Supporting actions at union level
15. Fully cooperate in view of facilitating the actions which the Commission has taken or intends to take to support implementation of this recommendation, and in particular:
(a) Making full use of the open method of coordination, notably the ERA governance structures, to raise awareness, to facilitate peer learning, as well as to facilitate consistency of policies;
(b) Establishing a European Centre of Expertise on Research Security as a focal point, linked to the Commission’s one-stop-shop platform on tackling R&I foreign interference, contributing to creating an EU-wide community of practice and maintaining a structural dialogue with stakeholder organisations as well as to policy-relevant research into research security and analysing trends and patterns across the Union;
(c) Enhancing, in cooperation with the High Representative, situational awareness among policymakers by structurally assessing hybrid threats affecting the research and innovation ecosystem;
(d) Developing a resilience testing methodology that can be used at national level on a voluntary basis by higher education institutions and public and private research performing organisations;
(e) Continuing its work, together with the Member States and with involvement of the stakeholders, on assessing risks of critical technologies20, as well as engaging in a dialogue to ensure information sharing and consistency of approach regarding risk appraisal and research security safeguards in national funding programmes and those in relevant EU funding programmes;
(f) Developing tools and resources, both country-agnostic and country-specific, to support higher education institutions and public and private research performing organisations to perform due diligence into prospective partners; as well as organising, together with EU-level stakeholder organisations, a biennial Stakeholder Forum on Research Security;
(g) Preparing interpretative guidance, where necessary, on the development of risk appraisal procedures as well as on the application of relevant EU legislation;
(h) Engaging with the research and innovation sector to assess how best to increase transparency of research funding sources and affiliations of researchers;
(i) Strengthening the dialogue with international partners on research security, as well as taking initiatives to bring about a common EU voice on the topic in multilateral fora.
REPORTING
1. It is recommended that Member States implement this recommendation as soon as practicable. They are invited to share their action plan (referred to in point 2 of the recommendations to the Member States) with the Commission by [insert date 9 months after adoption by Council] setting out the corresponding measures to be taken to boost research security, taking into account their respective starting positions.
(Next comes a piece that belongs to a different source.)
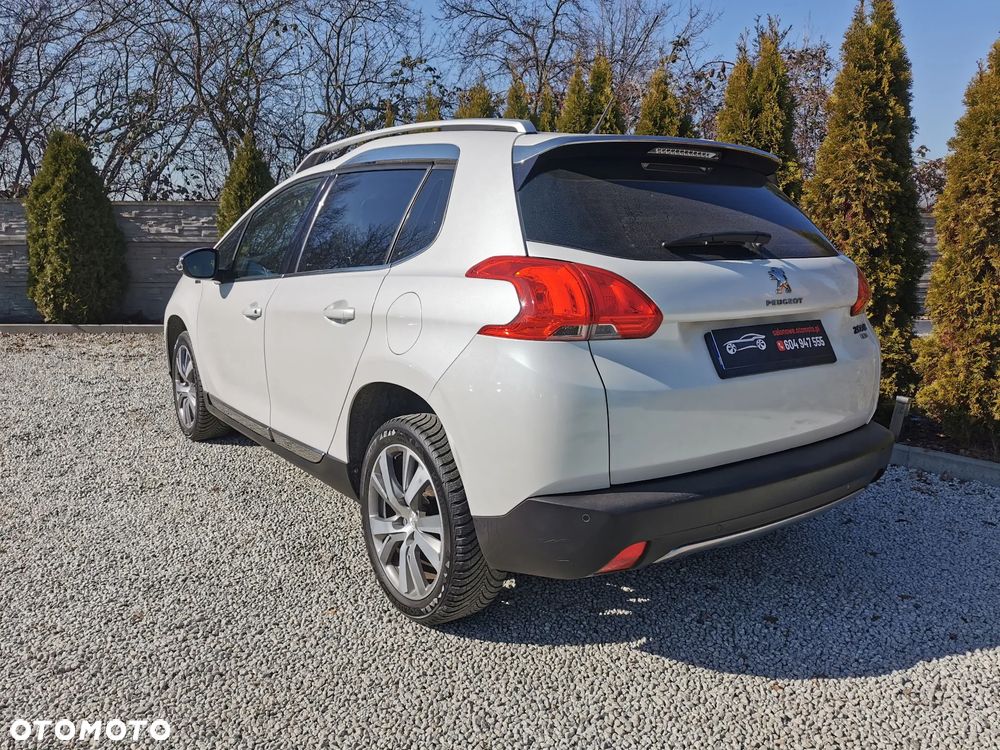 Peugeot 2008 e-HDi FAP 115 STOP & START Allure - 27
2. The progress made in implementing this recommendation will be monitored by the Commission, using ERA governance monitoring and reporting frameworks, in cooperation with the Member States and after consulting the stakeholders concerned, and report to the Council every two years, as part of its biennial reporting on the Global Approach to Research & Innovation. After in-depth assessment and in light of the future evolution of the geopolitical situation, further steps and measures can be proposed.